(Recorded data)
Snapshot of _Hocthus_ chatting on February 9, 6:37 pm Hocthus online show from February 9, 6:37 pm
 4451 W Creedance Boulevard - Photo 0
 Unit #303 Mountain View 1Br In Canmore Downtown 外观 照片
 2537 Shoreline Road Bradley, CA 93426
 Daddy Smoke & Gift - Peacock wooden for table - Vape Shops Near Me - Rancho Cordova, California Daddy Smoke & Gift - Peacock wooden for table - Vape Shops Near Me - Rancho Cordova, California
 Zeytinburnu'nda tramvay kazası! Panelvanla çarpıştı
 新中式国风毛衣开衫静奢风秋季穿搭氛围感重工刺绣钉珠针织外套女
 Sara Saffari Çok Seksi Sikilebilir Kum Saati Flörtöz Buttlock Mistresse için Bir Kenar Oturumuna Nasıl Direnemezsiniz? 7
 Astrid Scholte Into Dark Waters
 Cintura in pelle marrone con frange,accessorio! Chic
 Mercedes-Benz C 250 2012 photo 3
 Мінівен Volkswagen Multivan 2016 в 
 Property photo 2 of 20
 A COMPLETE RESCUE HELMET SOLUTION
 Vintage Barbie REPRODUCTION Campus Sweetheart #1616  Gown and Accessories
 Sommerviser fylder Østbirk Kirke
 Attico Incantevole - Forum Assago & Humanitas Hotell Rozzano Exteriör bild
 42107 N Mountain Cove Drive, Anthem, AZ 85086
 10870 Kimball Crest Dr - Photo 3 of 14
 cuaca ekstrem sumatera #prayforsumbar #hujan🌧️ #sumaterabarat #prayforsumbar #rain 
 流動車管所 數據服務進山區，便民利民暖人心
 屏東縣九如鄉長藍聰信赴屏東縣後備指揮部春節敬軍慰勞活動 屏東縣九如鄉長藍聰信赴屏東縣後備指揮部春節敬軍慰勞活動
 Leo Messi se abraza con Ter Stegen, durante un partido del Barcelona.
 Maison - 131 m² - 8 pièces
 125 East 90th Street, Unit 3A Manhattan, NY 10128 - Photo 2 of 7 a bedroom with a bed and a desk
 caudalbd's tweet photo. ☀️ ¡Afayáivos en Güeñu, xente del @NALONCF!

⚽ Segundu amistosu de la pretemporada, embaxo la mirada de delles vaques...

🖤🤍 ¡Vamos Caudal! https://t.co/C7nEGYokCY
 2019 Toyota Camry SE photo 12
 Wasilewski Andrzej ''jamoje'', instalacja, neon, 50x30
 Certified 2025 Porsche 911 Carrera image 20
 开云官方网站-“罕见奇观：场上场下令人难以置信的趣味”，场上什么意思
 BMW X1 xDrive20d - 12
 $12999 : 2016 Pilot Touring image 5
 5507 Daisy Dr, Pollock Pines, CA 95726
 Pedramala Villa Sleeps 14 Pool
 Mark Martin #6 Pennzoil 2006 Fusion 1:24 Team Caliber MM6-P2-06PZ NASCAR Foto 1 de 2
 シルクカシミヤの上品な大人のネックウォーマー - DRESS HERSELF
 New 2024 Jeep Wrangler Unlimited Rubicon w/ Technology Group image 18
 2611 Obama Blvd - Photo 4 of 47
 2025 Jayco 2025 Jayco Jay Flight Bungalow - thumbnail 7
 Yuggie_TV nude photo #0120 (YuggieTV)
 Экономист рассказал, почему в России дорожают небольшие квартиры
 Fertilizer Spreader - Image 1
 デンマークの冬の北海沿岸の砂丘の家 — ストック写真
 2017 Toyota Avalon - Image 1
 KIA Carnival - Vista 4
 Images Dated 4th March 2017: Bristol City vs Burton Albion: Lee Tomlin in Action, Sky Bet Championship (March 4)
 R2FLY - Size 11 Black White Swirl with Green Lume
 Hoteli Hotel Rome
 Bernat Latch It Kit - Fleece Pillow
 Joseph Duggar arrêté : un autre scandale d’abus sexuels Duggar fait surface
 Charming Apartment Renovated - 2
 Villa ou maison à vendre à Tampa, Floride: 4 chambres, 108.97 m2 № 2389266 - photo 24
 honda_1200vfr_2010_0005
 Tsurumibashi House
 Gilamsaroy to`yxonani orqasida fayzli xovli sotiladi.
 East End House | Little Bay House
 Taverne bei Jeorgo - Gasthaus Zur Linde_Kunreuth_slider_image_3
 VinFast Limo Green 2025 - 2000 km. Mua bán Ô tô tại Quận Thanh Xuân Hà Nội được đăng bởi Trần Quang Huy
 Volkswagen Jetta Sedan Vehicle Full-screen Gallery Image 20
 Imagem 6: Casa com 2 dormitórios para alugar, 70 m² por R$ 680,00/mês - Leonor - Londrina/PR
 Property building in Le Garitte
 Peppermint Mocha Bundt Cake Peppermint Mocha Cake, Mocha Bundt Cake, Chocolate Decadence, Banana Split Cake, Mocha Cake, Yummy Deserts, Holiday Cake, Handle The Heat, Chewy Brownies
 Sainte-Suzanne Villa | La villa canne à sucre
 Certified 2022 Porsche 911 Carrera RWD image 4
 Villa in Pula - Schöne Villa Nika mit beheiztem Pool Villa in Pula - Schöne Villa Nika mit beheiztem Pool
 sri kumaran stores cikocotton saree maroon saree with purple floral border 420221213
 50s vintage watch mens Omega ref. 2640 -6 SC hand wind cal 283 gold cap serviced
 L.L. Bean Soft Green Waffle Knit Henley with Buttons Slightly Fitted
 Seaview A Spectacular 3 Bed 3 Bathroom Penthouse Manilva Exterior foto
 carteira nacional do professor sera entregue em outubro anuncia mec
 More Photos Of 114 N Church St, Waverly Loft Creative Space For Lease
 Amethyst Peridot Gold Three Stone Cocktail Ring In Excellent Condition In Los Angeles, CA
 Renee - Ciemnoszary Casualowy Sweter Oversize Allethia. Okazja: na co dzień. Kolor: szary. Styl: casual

__Task statement__: Each entry in the data must be copied exactly.

__Your solution__:
Snapshot of _Hocthus_ chatting on February 9, 6:37 pm Hocthus online show from February 9, 6:37 pm
 4451 W Creedance Boulevard - Photo 0
 Unit #303 Mountain View 1Br In Canmore Downtown 外观 照片
 2537 Shoreline Road Bradley, CA 93426
 Daddy Smoke & Gift - Peacock wooden for table - Vape Shops Near Me - Rancho Cordova, California Daddy Smoke & Gift - Peacock wooden for table - Vape Shops Near Me - Rancho Cordova, California
 Zeytinburnu'nda tramvay kazası! Panelvanla çarpıştı
 新中式国风毛衣开衫静奢风秋季穿搭氛围感重工刺绣钉珠针织外套女
 Sara Saffari Çok Seksi Sikilebilir Kum Saati Flörtöz Buttlock Mistresse için Bir Kenar Oturumuna Nasıl Direnemezsiniz? 7
 Astrid Scholte Into Dark Waters
 Cintura in pelle marrone con frange,accessorio! Chic
 Mercedes-Benz C 250 2012 photo 3
 Мінівен Volkswagen Multivan 2016 в 
 Property photo 2 of 20
 A COMPLETE RESCUE HELMET SOLUTION
 Vintage Barbie REPRODUCTION Campus Sweetheart #1616  Gown and Accessories
 Sommerviser fylder Østbirk Kirke
 Attico Incantevole - Forum Assago & Humanitas Hotell Rozzano Exteriör bild
 42107 N Mountain Cove Drive, Anthem, AZ 85086
 10870 Kimball Crest Dr - Photo 3 of 14
 cuaca ekstrem sumatera #prayforsumbar #hujan🌧️ #sumaterabarat #prayforsumbar #rain 
 流動車管所 數據服務進山區，便民利民暖人心
 屏東縣九如鄉長藍聰信赴屏東縣後備指揮部春節敬軍慰勞活動 屏東縣九如鄉長藍聰信赴屏東縣後備指揮部春節敬軍慰勞活動
 Leo Messi se abraza con Ter Stegen, durante un partido del Barcelona.
 Maison - 131 m² - 8 pièces
 125 East 90th Street, Unit 3A Manhattan, NY 10128 - Photo 2 of 7 a bedroom with a bed and a desk
 caudalbd's tweet photo. ☀️ ¡Afayáivos en Güeñu, xente del @NALONCF!

⚽ Segundu amistosu de la pretemporada, embaxo la mirada de delles vaques...

🖤🤍 ¡Vamos Caudal! https://t.co/C7nEGYokCY
 2019 Toyota Camry SE photo 12
 Wasilewski Andrzej ''jamoje'', instalacja, neon, 50x30
 Certified 2025 Porsche 911 Carrera image 20
 开云官方网站-“罕见奇观：场上场下令人难以置信的趣味”，场上什么意思
 BMW X1 xDrive20d - 12
 $12999 : 2016 Pilot Touring image 5
 5507 Daisy Dr, Pollock Pines, CA 95726
 Pedramala Villa Sleeps 14 Pool
 Mark Martin #6 Pennzoil 2006 Fusion 1:24 Team Caliber MM6-P2-06PZ NASCAR Foto 1 de 2
 シルクカシミヤの上品な大人のネックウォーマー - DRESS HERSELF
 New 2024 Jeep Wrangler Unlimited Rubicon w/ Technology Group image 18
 2611 Obama Blvd - Photo 4 of 47
 2025 Jayco 2025 Jayco Jay Flight Bungalow - thumbnail 7
 Yuggie_TV nude photo #0120 (YuggieTV)
 Экономист рассказал, почему в России дорожают небольшие квартиры
 Fertilizer Spreader - Image 1
 デンマークの冬の北海沿岸の砂丘の家 — ストック写真
 2017 Toyota Avalon - Image 1
 KIA Carnival - Vista 4
 Images Dated 4th March 2017: Bristol City vs Burton Albion: Lee Tomlin in Action, Sky Bet Championship (March 4)
 R2FLY - Size 11 Black White Swirl with Green Lume
 Hoteli Hotel Rome
 Bernat Latch It Kit - Fleece Pillow
 Joseph Duggar arrêté : un autre scandale d’abus sexuels Duggar fait surface
 Charming Apartment Renovated - 2
 Villa ou maison à vendre à Tampa, Floride: 4 chambres, 108.97 m2 № 2389266 - photo 24
 honda_1200vfr_2010_0005
 Tsurumibashi House
 Gilamsaroy to`yxonani orqasida fayzli xovli sotiladi.
 East End House | Little Bay House
 Taverne bei Jeorgo - Gasthaus Zur Linde_Kunreuth_slider_image_3
 VinFast Limo Green 2025 - 2000 km. Mua bán Ô tô tại Quận Thanh Xuân Hà Nội được đăng bởi Trần Quang Huy
 Volkswagen Jetta Sedan Vehicle Full-screen Gallery Image 20
 Imagem 6: Casa com 2 dormitórios para alugar, 70 m² por R$ 680,00/mês - Leonor - Londrina/PR
 Property building in Le Garitte
 Peppermint Mocha Bundt Cake Peppermint Mocha Cake, Mocha Bundt Cake, Chocolate Decadence, Banana Split Cake, Mocha Cake, Yummy Deserts, Holiday Cake, Handle The Heat, Chewy Brownies
 Sainte-Suzanne Villa | La villa canne à sucre
 Certified 2022 Porsche 911 Carrera RWD image 4
 Villa in Pula - Schöne Villa Nika mit beheiztem Pool Villa in Pula - Schöne Villa Nika mit beheiztem Pool
 sri kumaran stores cikocotton saree maroon saree with purple floral border 420221213
 50s vintage watch mens Omega ref. 2640 -6 SC hand wind cal 283 gold cap serviced
 L.L. Bean Soft Green Waffle Knit Henley with Buttons Slightly Fitted
 Seaview A Spectacular 3 Bed 3 Bathroom Penthouse Manilva Exterior foto
 carteira nacional do professor sera entregue em outubro anuncia mec
 More Photos Of 114 N Church St, Waverly Loft Creative Space For Lease
 Amethyst Peridot Gold Three Stone Cocktail Ring In Excellent Condition In Los Angeles, CA
 Renee - Ciemnoszary Casualowy Sweter Oversize Allethia. Okazja: na co dzień. Kolor: szary. Styl: casual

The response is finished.